Cash of $9.7 million and $5.1 million was received during the first nine months of fiscal 2015 and 2014, respectively, from the exercise of stock options.
During the first nine months of fiscal 2015, the Company drew $163 million under its revolving line-of-credit facility to partially fund its acquisitions of ProteinSimple and CyVek. The Company made payments on the line-of-credit and other of $21.0 million during the nine months ended March 31, 2015.
OFF-BALANCE SHEET ARRANGEMENTS
The Company has no reportable off-balance sheet arrangements as defined in Item 303(a)(4) of Regulation S-K.

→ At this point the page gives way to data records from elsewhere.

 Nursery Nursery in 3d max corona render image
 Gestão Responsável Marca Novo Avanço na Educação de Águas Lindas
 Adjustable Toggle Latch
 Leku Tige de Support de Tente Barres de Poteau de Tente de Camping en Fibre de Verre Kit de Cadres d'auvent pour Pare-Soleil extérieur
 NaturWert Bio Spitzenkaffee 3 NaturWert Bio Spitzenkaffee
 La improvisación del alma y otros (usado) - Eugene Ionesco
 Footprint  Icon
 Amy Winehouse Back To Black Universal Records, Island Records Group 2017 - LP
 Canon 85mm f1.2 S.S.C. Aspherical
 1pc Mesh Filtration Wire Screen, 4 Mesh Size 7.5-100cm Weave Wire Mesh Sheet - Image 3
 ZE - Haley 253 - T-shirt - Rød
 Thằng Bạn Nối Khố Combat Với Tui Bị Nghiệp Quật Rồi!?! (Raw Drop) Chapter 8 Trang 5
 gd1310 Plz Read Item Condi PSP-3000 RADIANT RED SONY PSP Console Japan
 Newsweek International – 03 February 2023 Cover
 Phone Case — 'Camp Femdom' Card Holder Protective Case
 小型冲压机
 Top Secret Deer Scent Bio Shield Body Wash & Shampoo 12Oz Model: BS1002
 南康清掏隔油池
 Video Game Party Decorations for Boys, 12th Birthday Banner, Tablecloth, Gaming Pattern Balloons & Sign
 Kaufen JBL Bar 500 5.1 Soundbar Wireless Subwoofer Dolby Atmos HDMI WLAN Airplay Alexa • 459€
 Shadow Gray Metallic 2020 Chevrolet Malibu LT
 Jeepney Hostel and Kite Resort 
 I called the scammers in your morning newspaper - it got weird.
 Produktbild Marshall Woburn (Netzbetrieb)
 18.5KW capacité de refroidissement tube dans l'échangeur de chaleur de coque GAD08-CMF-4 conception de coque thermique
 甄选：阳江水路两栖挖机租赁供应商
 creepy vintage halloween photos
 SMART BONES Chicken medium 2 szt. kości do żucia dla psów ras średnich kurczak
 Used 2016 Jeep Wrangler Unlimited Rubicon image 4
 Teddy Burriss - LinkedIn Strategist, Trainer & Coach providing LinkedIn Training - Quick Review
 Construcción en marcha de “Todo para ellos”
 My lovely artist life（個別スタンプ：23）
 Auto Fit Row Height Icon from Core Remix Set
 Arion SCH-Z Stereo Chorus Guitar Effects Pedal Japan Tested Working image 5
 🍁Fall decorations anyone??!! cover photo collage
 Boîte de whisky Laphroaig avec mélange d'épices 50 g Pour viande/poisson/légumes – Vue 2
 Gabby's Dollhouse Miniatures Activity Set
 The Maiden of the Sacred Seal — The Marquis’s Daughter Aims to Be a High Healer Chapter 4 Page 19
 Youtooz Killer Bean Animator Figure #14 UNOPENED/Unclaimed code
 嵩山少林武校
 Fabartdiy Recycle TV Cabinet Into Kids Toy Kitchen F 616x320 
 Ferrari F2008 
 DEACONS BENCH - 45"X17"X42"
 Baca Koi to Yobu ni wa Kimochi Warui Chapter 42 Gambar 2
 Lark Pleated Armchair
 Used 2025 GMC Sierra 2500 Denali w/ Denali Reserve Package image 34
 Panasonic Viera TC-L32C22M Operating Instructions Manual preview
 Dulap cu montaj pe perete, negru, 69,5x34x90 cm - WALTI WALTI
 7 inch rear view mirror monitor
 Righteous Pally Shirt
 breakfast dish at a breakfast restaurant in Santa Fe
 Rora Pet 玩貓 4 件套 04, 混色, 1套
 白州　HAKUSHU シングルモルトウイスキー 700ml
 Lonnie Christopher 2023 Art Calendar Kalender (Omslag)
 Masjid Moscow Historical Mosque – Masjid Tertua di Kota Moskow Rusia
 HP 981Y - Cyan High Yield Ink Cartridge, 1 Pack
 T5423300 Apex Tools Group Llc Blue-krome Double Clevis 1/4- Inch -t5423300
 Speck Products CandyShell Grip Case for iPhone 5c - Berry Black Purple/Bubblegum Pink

There were no material changes outside the ordinary course of business in the Company’s contractual obligations during the nine months ended March 31, 2015.
CRITICAL ACCOUNTING POLICIES
The Company’s significant accounting policies are discussed in the Company’s Annual Report on Form 10-K for fiscal 2014 and are incorporated herein by reference. The application of certain of these policies requires judgments and estimates that can affect the results of operations and financial position of the Company. Judgments and estimates are used for, but not limited to, valuation of available-for-sale investments, inventory valuation and allowances, valuation of intangible assets and goodwill and valuation of investments in unconsolidated entities. There have been no significant changes in estimates in fiscal 2015 that would require disclosure. There have been no changes to the Company’s policies in the first nine months of fiscal 2015.
FORWARD LOOKING INFORMATION AND CAUTIONARY STATEMENTS
This quarterly report contains forward-looking statements within the meaning of the Private Securities Litigation Reform Act of 1995. Forward-looking statements include those regarding the Company’s expectations as to the effect of changes to accounting policies, the amount of capital expenditures for the remainder of the fiscal year, the source of funding for capital expenditure requirements, the sufficiency of currently available funds for meeting the Company’s needs, the impact of fluctuations in foreign currency exchange rates, and expectations regarding gross margin fluctuations, increasing research and development expenses, increasing selling, general and administrative expenses and income tax rates. These statements involve risks and uncertainties that may affect the actual results of operations. The following important factors, among others, have affected and, in the future, could affect the Company’s actual results: the introduction and acceptance of new products, general national and international economic conditions, increased competition, the reliance on internal manufacturing and related operations, the impact of currency exchange rate fluctuations, economic instability in Eurozone countries, the recruitment and retention of qualified personnel, the impact of governmental regulation, maintenance of intellectual property rights, credit risk and fluctuation in the market value of the Company’s investment portfolio, unseen delays and expenses related to facility improvements, and the success of financing efforts by companies in which the Company has invested. For additional information concerning such factors, see the Company’s Annual Report on Form 10-K for fiscal 2014 as filed with the Securities and Exchange Commission.